TASK REQUIREMENTS: In the records below, the relevant part opens with the line containing "23950437-Ferie" and closes with the line containing "Used 2014 Aston"; print that part exactly and only, without its pictures.

PROVIDED ENTRIES:
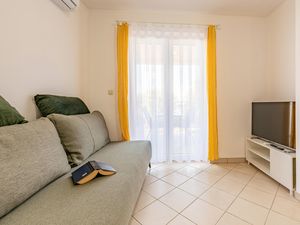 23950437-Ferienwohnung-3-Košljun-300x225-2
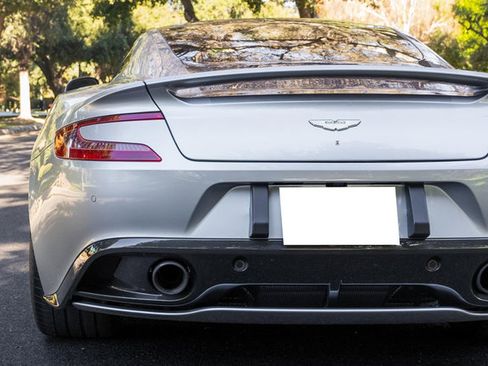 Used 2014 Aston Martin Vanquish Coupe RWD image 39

--

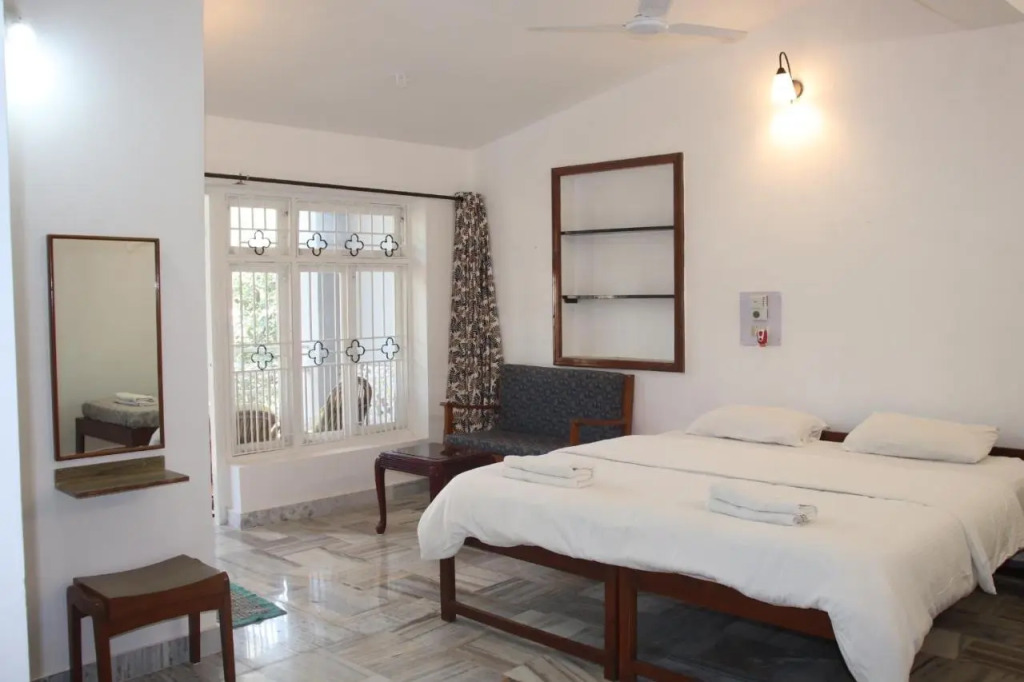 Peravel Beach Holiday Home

COMPLETED EXERCISE:
 23950437-Ferienwohnung-3-Košljun-300x225-2
 Used 2014 Aston Martin Vanquish Coupe RWD image 39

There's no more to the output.